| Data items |

- Opening Delimiter -

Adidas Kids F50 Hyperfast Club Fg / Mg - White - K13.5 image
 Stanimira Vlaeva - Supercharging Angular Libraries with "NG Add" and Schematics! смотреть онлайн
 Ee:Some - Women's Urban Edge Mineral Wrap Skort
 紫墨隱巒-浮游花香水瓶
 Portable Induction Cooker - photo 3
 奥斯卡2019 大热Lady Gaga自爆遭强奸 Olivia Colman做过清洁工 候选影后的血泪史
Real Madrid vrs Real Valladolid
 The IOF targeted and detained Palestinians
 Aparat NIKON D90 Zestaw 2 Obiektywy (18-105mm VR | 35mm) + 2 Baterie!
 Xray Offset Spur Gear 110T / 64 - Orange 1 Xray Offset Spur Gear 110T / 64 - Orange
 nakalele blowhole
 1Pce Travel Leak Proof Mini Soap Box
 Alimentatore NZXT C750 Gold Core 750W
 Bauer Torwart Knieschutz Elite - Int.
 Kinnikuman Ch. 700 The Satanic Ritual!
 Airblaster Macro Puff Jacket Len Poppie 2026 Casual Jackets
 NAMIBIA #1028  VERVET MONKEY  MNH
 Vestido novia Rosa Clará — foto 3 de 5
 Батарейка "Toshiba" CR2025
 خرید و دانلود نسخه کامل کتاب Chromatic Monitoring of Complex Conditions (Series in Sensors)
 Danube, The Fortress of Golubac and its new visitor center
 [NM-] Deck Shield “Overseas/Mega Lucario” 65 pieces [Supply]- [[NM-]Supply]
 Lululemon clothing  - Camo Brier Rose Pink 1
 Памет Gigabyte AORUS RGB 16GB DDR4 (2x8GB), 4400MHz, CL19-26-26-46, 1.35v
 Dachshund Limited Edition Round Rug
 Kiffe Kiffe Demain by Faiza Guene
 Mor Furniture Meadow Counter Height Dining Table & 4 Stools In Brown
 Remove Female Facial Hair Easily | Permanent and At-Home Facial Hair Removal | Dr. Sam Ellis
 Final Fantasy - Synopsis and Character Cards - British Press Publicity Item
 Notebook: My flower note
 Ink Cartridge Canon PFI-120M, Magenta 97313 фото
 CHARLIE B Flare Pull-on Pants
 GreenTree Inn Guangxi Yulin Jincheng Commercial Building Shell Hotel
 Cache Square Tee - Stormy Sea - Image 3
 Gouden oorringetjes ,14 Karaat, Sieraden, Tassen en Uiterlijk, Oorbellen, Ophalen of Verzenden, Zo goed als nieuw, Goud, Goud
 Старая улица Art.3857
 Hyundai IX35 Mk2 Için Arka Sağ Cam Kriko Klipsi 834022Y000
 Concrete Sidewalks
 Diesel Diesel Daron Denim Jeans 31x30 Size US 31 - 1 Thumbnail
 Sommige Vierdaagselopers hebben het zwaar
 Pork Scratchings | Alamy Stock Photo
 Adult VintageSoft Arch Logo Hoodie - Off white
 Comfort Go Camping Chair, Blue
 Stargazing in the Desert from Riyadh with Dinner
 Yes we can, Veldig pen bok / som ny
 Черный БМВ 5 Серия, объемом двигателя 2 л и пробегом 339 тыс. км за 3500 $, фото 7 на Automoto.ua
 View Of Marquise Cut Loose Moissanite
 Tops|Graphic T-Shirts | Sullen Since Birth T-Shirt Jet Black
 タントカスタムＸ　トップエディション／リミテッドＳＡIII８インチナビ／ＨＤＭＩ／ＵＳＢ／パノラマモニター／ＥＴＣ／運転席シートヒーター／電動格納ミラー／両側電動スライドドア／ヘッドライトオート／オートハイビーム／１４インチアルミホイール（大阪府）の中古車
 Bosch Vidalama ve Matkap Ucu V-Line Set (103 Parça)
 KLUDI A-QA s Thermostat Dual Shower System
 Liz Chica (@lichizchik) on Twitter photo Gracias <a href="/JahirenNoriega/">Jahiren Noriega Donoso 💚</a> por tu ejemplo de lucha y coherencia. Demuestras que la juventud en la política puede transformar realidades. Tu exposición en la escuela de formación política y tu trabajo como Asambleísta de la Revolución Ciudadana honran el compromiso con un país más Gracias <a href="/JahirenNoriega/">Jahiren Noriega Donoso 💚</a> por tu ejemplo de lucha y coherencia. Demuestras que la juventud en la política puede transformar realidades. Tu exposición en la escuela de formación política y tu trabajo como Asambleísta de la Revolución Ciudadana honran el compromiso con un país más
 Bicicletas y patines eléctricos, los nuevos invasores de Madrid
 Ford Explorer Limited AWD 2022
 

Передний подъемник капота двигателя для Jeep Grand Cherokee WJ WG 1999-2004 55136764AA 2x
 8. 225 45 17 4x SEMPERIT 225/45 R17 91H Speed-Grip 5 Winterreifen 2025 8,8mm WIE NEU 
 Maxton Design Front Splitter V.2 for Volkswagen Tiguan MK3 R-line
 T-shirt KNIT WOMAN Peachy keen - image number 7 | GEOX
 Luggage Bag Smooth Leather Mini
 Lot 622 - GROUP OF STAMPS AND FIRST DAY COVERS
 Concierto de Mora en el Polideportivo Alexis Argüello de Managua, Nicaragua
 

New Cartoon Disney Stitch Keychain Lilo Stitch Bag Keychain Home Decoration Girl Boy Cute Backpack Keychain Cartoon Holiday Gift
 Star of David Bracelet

- Closing Delimiter -

| WHAT YOU SHOULD DO |
What lines in the data above contain the word "Home"? Show them all.

| ANSWER FOR THE TASK |
 Remove Female Facial Hair Easily | Permanent and At-Home Facial Hair Removal | Dr. Sam Ellis
New Cartoon Disney Stitch Keychain Lilo Stitch Bag Keychain Home Decoration Girl Boy Cute Backpack Keychain Cartoon Holiday Gift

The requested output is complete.